### Information provided
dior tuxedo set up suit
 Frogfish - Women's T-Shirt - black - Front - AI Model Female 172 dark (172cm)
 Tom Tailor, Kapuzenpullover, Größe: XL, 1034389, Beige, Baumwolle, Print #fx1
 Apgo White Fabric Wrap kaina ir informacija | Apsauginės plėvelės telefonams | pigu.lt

### Work instruction
Reproduce the material above, every line of it, exactly.

### Answer
dior tuxedo set up suit
 Frogfish - Women's T-Shirt - black - Front - AI Model Female 172 dark (172cm)
 Tom Tailor, Kapuzenpullover, Größe: XL, 1034389, Beige, Baumwolle, Print #fx1
 Apgo White Fabric Wrap kaina ir informacija | Apsauginės plėvelės telefonams | pigu.lt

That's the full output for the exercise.